Shree Swaminarayan Gurukul Rajkot Sansthan
- Abbreviation: Swaminarayan Gurukul
- Formation: 1948 (78 years ago)
- Founder: Shastriji Maharaj Shri Dharmajivandasji Swami
- Type: Religious organization
- Purpose: Educational, Philanthropic, Spirituality
- Headquarters: Rajkot, Gujarat, India
- Location: 60 centers;
- Region served: Worldwide
- Leader: Guruvarya Shri Devkrushnadasji Swami
- Website: www.rajkotgurukul.org

= Swaminarayan Gurukul =

Hindu religious and educational organization

Shree Swaminarayan Gurukul Rajkot Sansthan, commonly known as Rajkot Gurukul or Swaminarayan Gurukul, is a Hindu religious and educational organization with headquarters in Rajkot, Gujarat. The organization is within the Laxmi Narayan Dev Gadi of the Swaminarayan Sampraday.

The goal of the organization is to spread the Sadvidya (true education) that was championed by Bhagwan Swaminarayan. The organization also aims to teach Indian cultural heritage through branches around the world. Its major branches in India include Rajkot, Junagadh, Surat, Poicha (Nilkanthdham), Hyderabad, Taravada, Bangalore, Gulbarga, Ahmedabad, Bidar, Jadcherla, Mysore, Nagpur, NTPC Lara, Navi Mumbai, Secunderabad, Raipur, Solapur, Suryapet, Vidyanagar, Vijayawada. Its international branches include Dallas, Paramus (New Jersey), Corona, CA and Atlanta, all in the United States.

== History ==
Shastriji Maharaj Shri Dharmajivandasji Swami was inspired to found an educational institution after a pilgrimage to Badrinath (an abode of Badrinarayan on Himalaya) in 1946.

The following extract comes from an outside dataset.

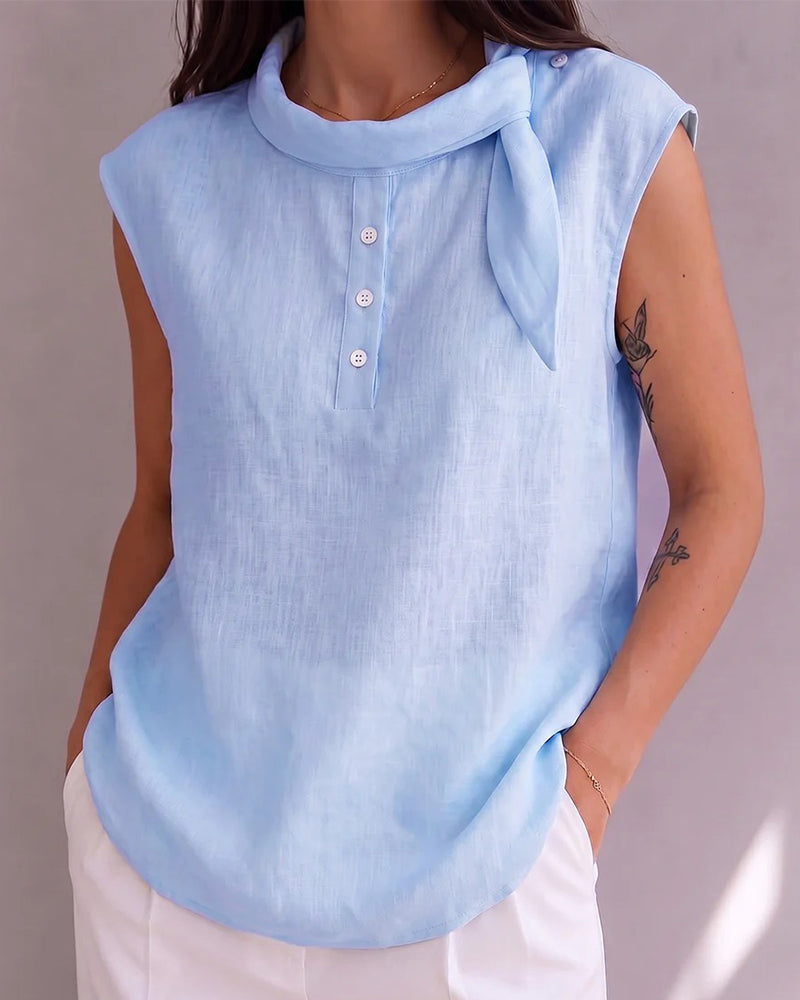Blouse Nœud Bouton Sans Manches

The organization was established in 1947 in Rajkot by Shastriji Maharaj with support from Pujya Purani Swami, Shree Premprakashdasji Swami, Pujya Mugat Swami, Shree Nitrannamuktadasji Swami, and Tribhuvan Gaurishankar Vyas. The organization started teaching on June 16, 1948, with seven students in a rented house in Rajkot. The foundation stone of Shree Swaminarayan Gurukul at Rajkot was laid on November 5, 1948.

In 1974, Shastriji Maharaj gave the administrative duties of the organization to its current leader, Guruvarya Shri Devkrushnadasji Swami.

In 2022 then Indian Prime minister Narendra Modi gave a virtual address at the Rajkot branch.

== Academics ==
The word Gurukul is combination of two Sanskrit words: "Guru", meaning teacher or master, and "Kula" meaning 'abode'.

Swaminarayan Gurukul provides three types of education: Vidya (Modern Science), Sadvidya (Traditional Education), and Brahmvidya (Spiritual Education).

=== Vidya – modern education ===
Modern education (including science and technology) includes the aspects of knowledge, curiosity, creativity, leadership, and dynamism (adapting to the changes on the move).

=== Sadvidya – traditional education ===
Traditional education includes the values and ethics found in Indian culture and history. These values include:

- Integrity
- Empathy
- Non-violence: Valuing the life of every living organism.
- Gratefulness: Having an appreciation and being conscious towards God, saints, guardians, seniors, and natural resources.
- Freedom from awful propensities: refraining from insults, smoking, alcohol, drugs, enslavement, infidelity, gambling, etc.

=== Brahmavidya – spiritual education ===
Aspects of spiritual education include:

- Faith: including faith in the scriptures and obedience to divine rules and laws
- Devotion: includes reverential practices like chanting mantras, singing kirtans, prayer, and service (Seva) to God.
- Atmanistha: Realizing oneself as a simple Soul, confined from the body, as a humble Sevak of God
- Non-attachment: detaching oneself from materialistic objects and interests (wealth, popularity) to better focus on God.
- Realisation of God: Encountering God in reality.
- Affection with saintly persons: Having positive relationships with saints and devotees.

== Foundation ==

=== Aims & Objectives ===
To propagate and promote Bhagwan Shree Swaminarayan's Message

1. Building the best character of pupils through credible education.
2. Establish comprehensive development in every zone.
3. Prepare students to be the best patriots.
4. Creating secular harmony for all types of religions.
5. Equalize between modernity and spirituality.